You’ve been playing Las Vegas since your Jane’s Addiction days in the ’80s. Anything you enjoy doing while you’re in town?
I’ve got some strange reasons why I like to go to Las Vegas. To start off with, I like going to the buffets and getting roast beef. It’s practically my favorite thing to eat. I like to go thrift-store shopping there, ’cause of all the people that donate their wares and goods. There’s some wild stuff. Also, in my group I’ve got a guy who’s a super-good poker player. He’s been winning on the road, picking up cash as we travel, so I like to follow his progress and see what he’s up to. And we also love taking in shows. Last time I was in Vegas I took in The Beatles [Love] show, and that was incredible. So I love Vegas. You know me, I’m a night owl.
Considering that much of the marketing and press for Satellite Party album Ultra Payloaded centered on its guests—Flea, John Frusciante, Peter Hook, Fergie—and that you obviously can’t haul those guys city to city with you, has it been difficult generating a similar buzz for the band’s live incarnation?
I don’t know ... Recording with those guys was amazing, but Satellite Party is very much a live situation. It gives you the feeling of a live party. We exude the idea of fun and celebration and partying. We’re perfectly suited for Vegas, Sin City—it’s got that element of adult entertainment-slash-hedonism-slash-sense of freedom that we all come to Vegas for. I’ve actually been talking to some people about bringing it to Vegas more often. And I plan on touring the world and making music with this project for 10 years and making a name for myself with it.

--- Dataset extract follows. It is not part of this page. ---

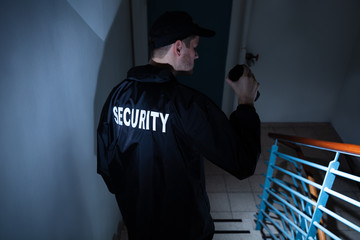 Male Security Guard Standing On Staircase Holding Flashlight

Do you take pride at being called the “godfather of alternative rock,” or do you just shrug the label off?
Well, it’s not like getting the boxing title of world’s heavyweight champion—that’s something that you strive for. For someone to call me the godfather of alternative, it’s something that you’re just given and you deal with it. Do I like it? I like it in the sense that I personally think the music industry is ailing because of greed and because they’re not adapting and thinking quick enough. So as the quote-unquote godfather of alternative, I like the idea of being able to present new ways for the young groups to make music and be lifetime musicians without having to be worrying about the sugar daddy of the past—the major labels. And also I feel that the music that we make as alternative rock is very fertile music. To me it’s the music of the people. It’s not corporate bullshit. It’s not commercial. It’s the real deal. So I like the idea of being a guide in that community.